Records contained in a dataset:
----

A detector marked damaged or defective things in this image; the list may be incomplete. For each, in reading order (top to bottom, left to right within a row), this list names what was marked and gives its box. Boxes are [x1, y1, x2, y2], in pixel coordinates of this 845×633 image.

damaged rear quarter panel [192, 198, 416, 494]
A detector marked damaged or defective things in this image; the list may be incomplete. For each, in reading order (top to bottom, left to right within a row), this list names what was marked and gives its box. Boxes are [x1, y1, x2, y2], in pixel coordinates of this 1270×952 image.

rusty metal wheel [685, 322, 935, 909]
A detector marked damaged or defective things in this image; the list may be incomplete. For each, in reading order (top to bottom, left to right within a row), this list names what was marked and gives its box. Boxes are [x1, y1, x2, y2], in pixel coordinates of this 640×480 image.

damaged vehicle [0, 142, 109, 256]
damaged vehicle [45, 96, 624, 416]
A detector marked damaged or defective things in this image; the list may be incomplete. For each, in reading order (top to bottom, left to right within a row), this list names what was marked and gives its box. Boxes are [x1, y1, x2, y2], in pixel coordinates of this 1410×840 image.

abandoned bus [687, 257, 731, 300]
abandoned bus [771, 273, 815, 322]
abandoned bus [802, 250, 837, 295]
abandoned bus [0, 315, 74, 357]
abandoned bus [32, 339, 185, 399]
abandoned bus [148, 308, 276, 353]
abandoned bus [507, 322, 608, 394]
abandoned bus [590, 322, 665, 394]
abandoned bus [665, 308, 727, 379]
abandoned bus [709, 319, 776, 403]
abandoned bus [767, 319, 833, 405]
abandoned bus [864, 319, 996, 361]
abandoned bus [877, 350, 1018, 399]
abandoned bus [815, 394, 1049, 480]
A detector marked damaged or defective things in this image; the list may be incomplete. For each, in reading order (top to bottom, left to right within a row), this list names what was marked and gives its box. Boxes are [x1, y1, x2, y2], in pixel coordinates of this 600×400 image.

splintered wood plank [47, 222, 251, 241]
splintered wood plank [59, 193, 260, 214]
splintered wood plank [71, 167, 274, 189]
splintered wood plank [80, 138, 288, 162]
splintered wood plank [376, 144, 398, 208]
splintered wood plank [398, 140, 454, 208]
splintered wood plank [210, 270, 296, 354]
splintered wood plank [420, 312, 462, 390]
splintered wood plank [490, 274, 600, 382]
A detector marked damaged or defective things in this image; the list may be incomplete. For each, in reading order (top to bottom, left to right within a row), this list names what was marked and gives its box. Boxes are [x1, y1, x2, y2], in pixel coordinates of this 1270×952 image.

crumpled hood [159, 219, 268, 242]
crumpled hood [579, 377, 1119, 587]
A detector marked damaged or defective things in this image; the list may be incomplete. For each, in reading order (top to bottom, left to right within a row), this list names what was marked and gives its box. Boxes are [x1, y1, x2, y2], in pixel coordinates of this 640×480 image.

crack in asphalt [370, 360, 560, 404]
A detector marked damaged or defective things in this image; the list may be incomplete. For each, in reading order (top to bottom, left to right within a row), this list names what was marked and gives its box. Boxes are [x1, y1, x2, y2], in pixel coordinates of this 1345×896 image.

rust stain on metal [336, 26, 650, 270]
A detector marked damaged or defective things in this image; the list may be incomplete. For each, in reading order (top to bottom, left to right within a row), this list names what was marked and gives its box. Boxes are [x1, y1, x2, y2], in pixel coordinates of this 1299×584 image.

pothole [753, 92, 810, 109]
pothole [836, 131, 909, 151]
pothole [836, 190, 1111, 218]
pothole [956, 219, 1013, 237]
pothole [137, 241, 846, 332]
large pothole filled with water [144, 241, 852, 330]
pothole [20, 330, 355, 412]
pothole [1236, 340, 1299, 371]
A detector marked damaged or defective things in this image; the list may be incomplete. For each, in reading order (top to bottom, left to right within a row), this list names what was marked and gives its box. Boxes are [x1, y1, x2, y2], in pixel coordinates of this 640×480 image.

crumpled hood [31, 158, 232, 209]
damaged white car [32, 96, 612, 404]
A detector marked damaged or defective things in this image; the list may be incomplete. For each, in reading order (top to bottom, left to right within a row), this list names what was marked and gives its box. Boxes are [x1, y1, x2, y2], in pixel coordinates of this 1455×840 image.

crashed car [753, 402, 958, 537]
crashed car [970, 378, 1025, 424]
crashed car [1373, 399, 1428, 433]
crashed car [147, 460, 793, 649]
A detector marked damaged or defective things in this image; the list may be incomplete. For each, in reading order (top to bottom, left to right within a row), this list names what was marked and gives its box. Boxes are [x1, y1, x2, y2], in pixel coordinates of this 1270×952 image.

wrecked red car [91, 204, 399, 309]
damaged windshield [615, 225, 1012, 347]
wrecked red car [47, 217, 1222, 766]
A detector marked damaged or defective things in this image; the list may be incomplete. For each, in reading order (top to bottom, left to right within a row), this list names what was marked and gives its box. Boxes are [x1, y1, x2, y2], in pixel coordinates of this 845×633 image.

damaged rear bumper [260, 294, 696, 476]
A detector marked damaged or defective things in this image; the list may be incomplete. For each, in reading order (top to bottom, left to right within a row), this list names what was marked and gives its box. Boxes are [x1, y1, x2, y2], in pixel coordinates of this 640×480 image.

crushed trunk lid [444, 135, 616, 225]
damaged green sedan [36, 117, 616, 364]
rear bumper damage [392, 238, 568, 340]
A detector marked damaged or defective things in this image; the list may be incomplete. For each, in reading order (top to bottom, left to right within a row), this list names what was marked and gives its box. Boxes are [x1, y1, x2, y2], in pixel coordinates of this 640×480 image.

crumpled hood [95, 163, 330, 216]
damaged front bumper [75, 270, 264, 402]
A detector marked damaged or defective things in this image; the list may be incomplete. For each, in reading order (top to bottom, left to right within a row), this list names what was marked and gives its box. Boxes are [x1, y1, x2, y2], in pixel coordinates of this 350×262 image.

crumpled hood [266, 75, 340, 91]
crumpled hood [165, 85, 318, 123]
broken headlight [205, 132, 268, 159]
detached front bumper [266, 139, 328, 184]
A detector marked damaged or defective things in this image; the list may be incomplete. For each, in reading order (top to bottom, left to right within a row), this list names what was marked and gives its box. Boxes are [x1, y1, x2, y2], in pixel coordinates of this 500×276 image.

----

### Assignment
Starting at the line with "this 350×262 image.", copy every line up to and including the last one in the entries above.

### Solution to this problem
A detector marked damaged or defective things in this image; the list may be incomplete. For each, in reading order (top to bottom, left to right within a row), this list names what was marked and gives its box. Boxes are [x1, y1, x2, y2], in pixel coordinates of this 350×262 image.

crumpled hood [266, 75, 340, 91]
crumpled hood [165, 85, 318, 123]
broken headlight [205, 132, 268, 159]
detached front bumper [266, 139, 328, 184]
A detector marked damaged or defective things in this image; the list may be incomplete. For each, in reading order (top to bottom, left to right within a row), this list names what was marked and gives its box. Boxes are [x1, y1, x2, y2], in pixel coordinates of this 500×276 image.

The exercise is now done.